Start of Block

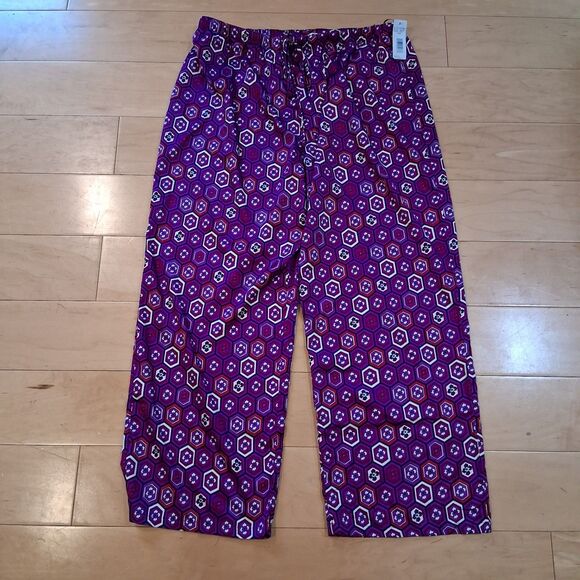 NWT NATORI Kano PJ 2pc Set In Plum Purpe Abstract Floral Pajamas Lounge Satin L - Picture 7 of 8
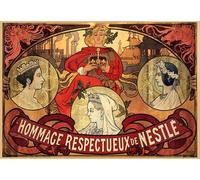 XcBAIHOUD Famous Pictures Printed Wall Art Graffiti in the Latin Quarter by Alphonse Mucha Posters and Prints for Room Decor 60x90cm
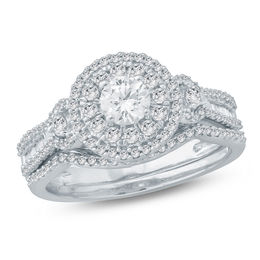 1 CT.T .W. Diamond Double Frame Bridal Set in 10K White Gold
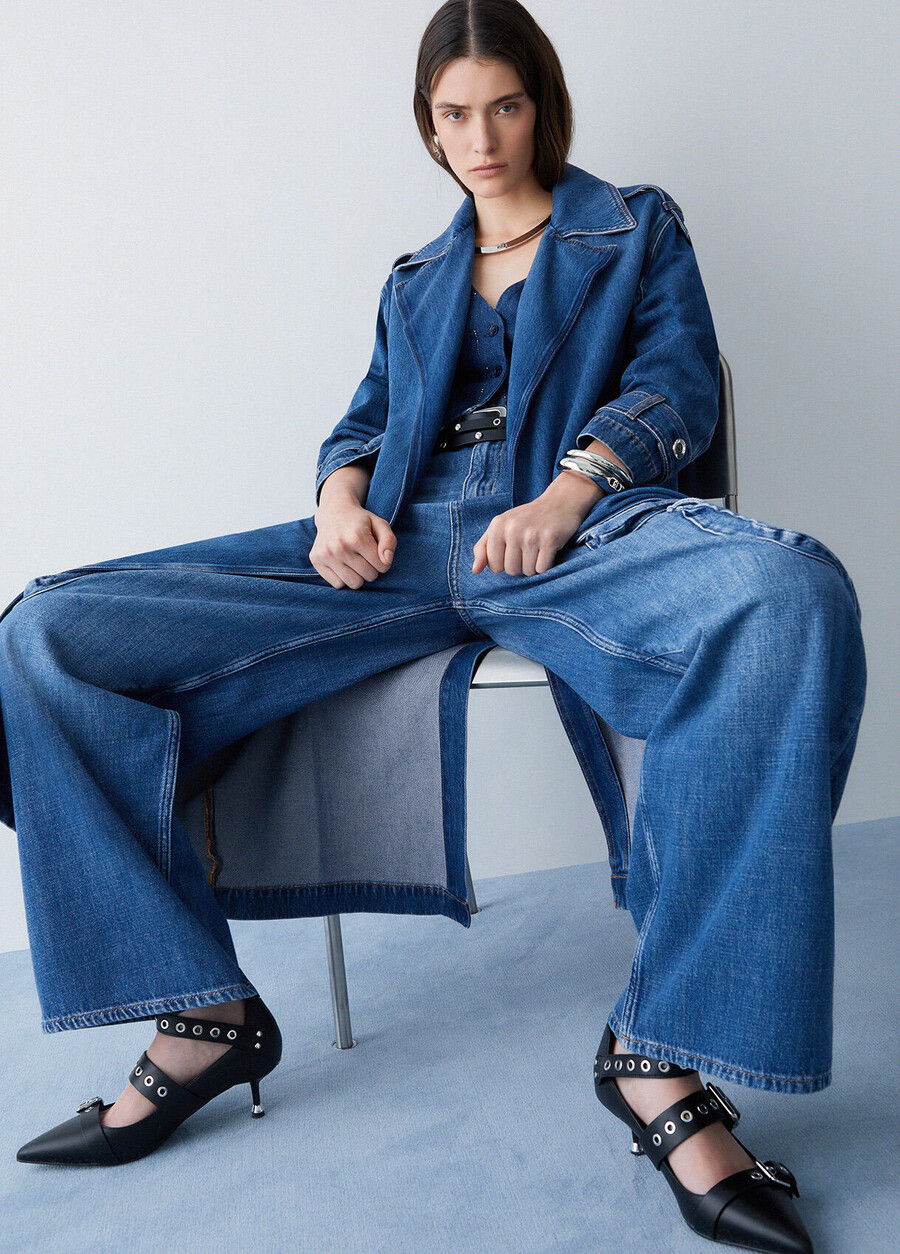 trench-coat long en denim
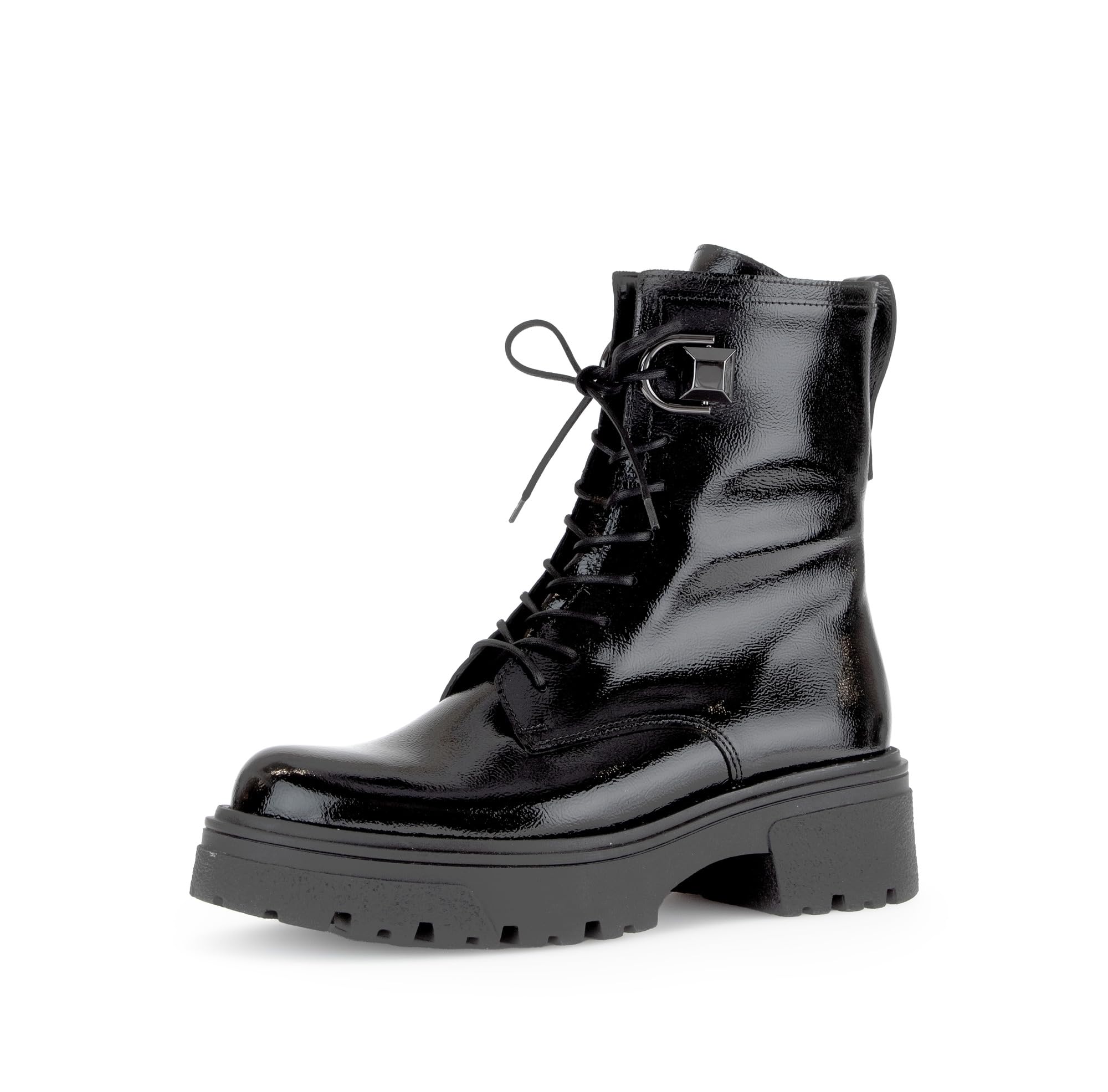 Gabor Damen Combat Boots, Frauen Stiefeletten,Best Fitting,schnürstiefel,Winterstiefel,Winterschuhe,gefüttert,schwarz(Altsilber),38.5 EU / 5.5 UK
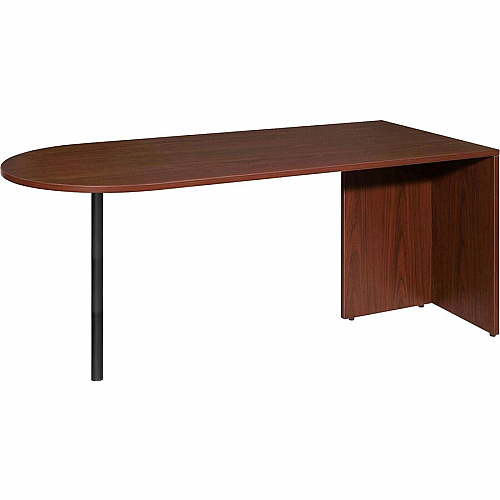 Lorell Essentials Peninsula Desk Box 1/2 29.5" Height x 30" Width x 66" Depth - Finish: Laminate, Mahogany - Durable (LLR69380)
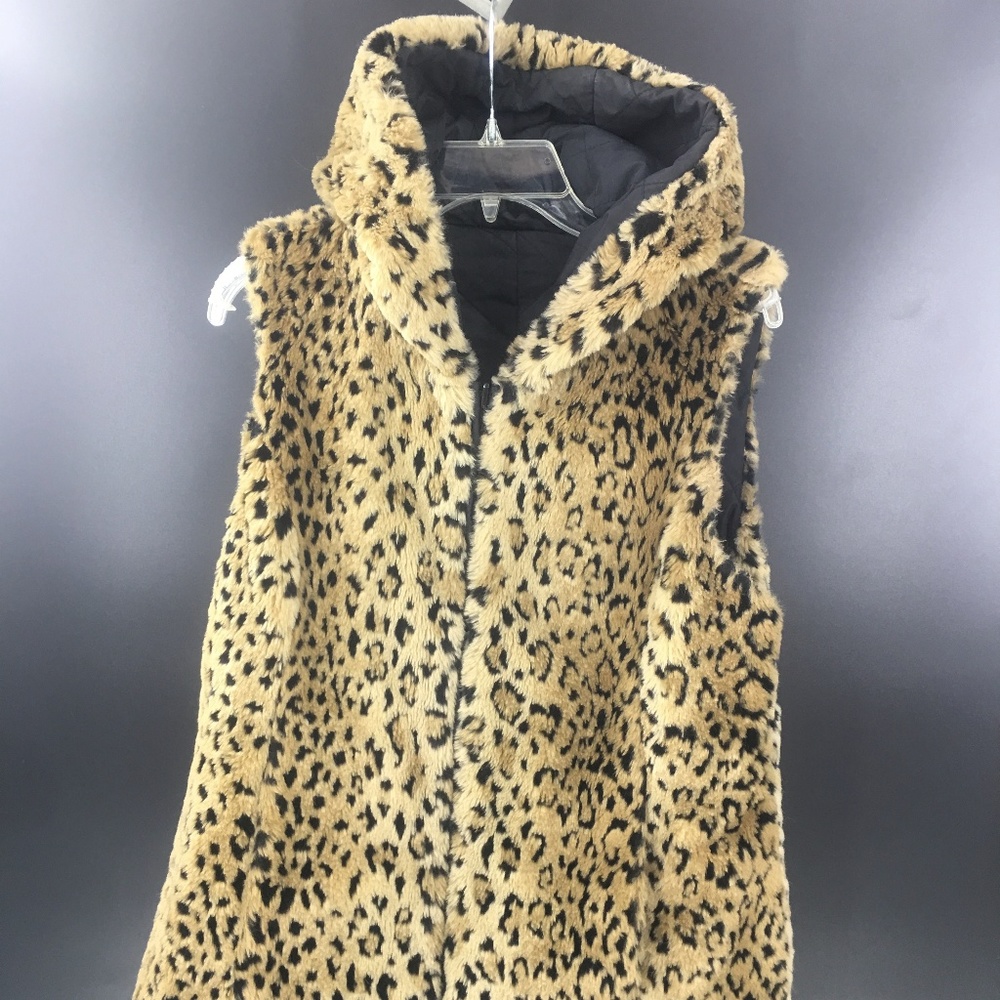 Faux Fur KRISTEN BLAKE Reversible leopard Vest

End of Block

Please print the lines exactly, from the top of the material through the line with "Gabor Damen Combat", and omit the pictures.

WRITTEN ANSWER:
 NWT NATORI Kano PJ 2pc Set In Plum Purpe Abstract Floral Pajamas Lounge Satin L - Picture 7 of 8
 XcBAIHOUD Famous Pictures Printed Wall Art Graffiti in the Latin Quarter by Alphonse Mucha Posters and Prints for Room Decor 60x90cm
 1 CT.T .W. Diamond Double Frame Bridal Set in 10K White Gold
 trench-coat long en denim
 Gabor Damen Combat Boots, Frauen Stiefeletten,Best Fitting,schnürstiefel,Winterstiefel,Winterschuhe,gefüttert,schwarz(Altsilber),38.5 EU / 5.5 UK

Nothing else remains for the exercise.